THE WALL STREET JOURNAL.
CFO
Journal.
March 5,
2013, 12:36 AM ET
Companies Target
Retail Investors for ‘Say-on-Pay’ Votes
The
little guy is a big shot this proxy season.
To
reduce the risk of an embarrassing failure in shareholder advisory votes on
executive compensation, more companies are reaching out to individual
investors to coax them to cast their ballots.
While these so-called retail
investors account for more than a third of U.S. stockholdings, they have
remained elusive in corporate elections. Historically, less than a third of
their shares have been voted at annual meetings, and just 29% since
regulators let companies start sending out proxy materials over the Internet
in 2007, according to
Broadridge Financial Solutions Inc.
When
retail investors do vote, however, they tend to back management.
Last
year, 515 companies, up from 163 in 2011, sent mailings soliciting proxy
votes to their biggest retail investors—typically those with 500 to 1,000
shares, said Chuck Callan, senior vice president of regulatory affairs at
Broadridge, which processes most corporate proxy votes in the U.S.
This
more than threefold increase, proxy experts say, has been driven largely by
nonbinding “say on pay” votes, which let investors weigh in on a company’s
executive-pay plans. * (See correction below.)

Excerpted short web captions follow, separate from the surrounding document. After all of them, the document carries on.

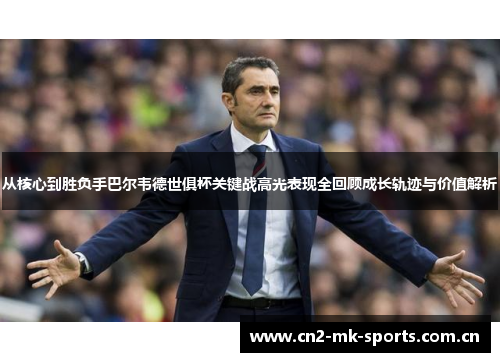 从核心到胜负手巴尔韦德世俱杯关键战高光表现全回顾成长轨迹与价值解析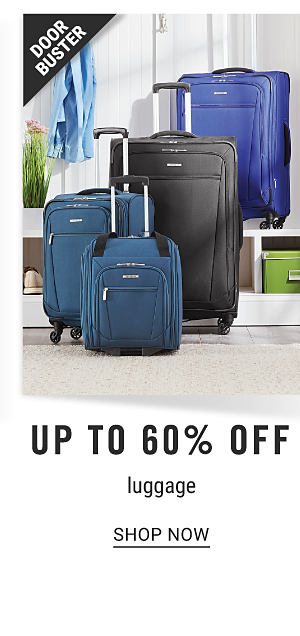 Doorbuster - Up to 60% off luggage. Shop Now.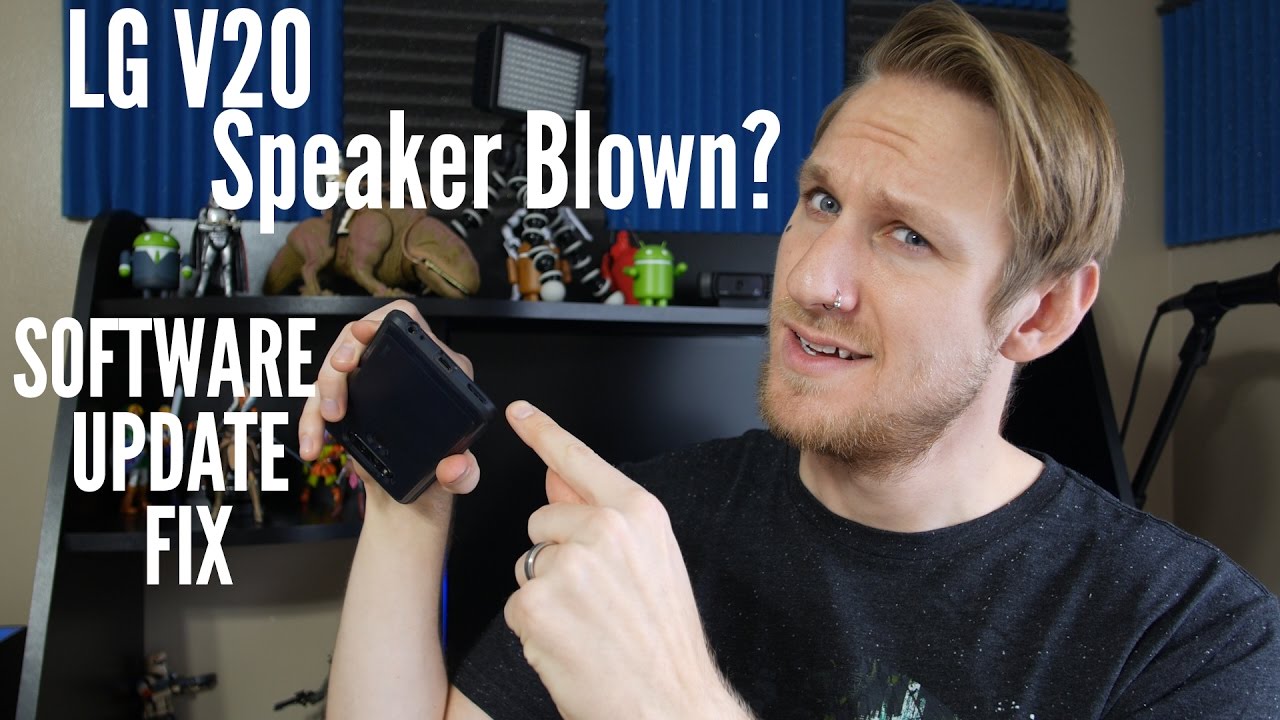 LG V20 Speaker Blown? Software Update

“Say-on-pay and institutional activism have resulted in higher dissident
votes, so companies are eager to tap into the retail sector given their
historical loyalty,” said Stephen Norman, president of advisory firm
SPNorman & Co.
Companies have rarely focused much effort on retail investors, Mr. Norman
said, deeming them more likely to sell their shares if they disagree with
the company’s direction, rather than read long corporate proxy statements.

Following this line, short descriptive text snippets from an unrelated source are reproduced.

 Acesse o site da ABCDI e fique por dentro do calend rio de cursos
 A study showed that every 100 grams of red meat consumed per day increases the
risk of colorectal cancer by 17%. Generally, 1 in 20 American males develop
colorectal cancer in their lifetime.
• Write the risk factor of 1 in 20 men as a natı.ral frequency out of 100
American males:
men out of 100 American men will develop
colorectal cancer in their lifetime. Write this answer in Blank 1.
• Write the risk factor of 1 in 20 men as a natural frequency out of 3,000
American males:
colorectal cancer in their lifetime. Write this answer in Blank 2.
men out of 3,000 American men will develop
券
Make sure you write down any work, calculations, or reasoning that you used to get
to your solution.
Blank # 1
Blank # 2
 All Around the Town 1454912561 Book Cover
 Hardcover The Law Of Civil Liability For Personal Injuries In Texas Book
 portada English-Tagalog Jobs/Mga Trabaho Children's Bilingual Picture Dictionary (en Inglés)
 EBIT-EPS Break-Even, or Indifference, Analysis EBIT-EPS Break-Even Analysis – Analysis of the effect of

But companies can’t afford to “be blasé,” he said.
An
analysis of 2011 say-on-pay votes shows that 91% of the shares voted by
retail shareholders were cast in favor of executive-pay plans, compared with
86% of votes cast by institutional investors, said Mr. Callan. “At a few
companies that failed votes last year, had the retail participation been
higher and at similar rates, those pay plans would have passed,” he said.
Only
about 2% of say-on-pay votes have failed since companies have been required
to hold them as part of the 2010 Dodd-Frank Act. But many companies fear
failing—garnering less than 50% support.
Last
year, influential proxy-advisory firms have recommended that shareholders
vote against pay plans at about 14% of companies, and more than a quarter of
companies got less than 90% shareholder support, according to executive-pay
consulting firm Semler Brossy.
Failing a vote “has dire consequences,” said Manan Shah, an
executive-compensation attorney at Jones Day. “You don’t ever want to repeat
a say-on-pay failure, so you spend the entire next year focusing on that,
rather than the operations of the business.”

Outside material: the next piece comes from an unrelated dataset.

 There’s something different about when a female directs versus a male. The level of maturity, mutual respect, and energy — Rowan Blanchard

Companies also have changed pay practices and stepped up their overtures to
big institutional shareholders in response to such votes, often calling
their top 100 or 200 investors to discuss executive-compensation issues
ahead of annual meetings. Unlike retail investors, institutional investors
like banks and pension funds must cast their votes to fulfill their
fiduciary obligations to clients.
Some
companies feel luring more retail votes could also help dilute the influence
of big proxy-advisory firms like Institutional Shareholder Services and
Glass Lewis & Co., said Scott Winter, managing director at proxy solicitor
Innisfree M&A Inc. Companies generally expect negative recommendations from
proxy advisory firms to sway at least 20% to 40% of their votes; retail
investors often pay less attention to such recommendations.
As
companies watch proxy votes come in, they can get increasingly anxious and
spend hours, along with their proxy solicitors, phoning investors.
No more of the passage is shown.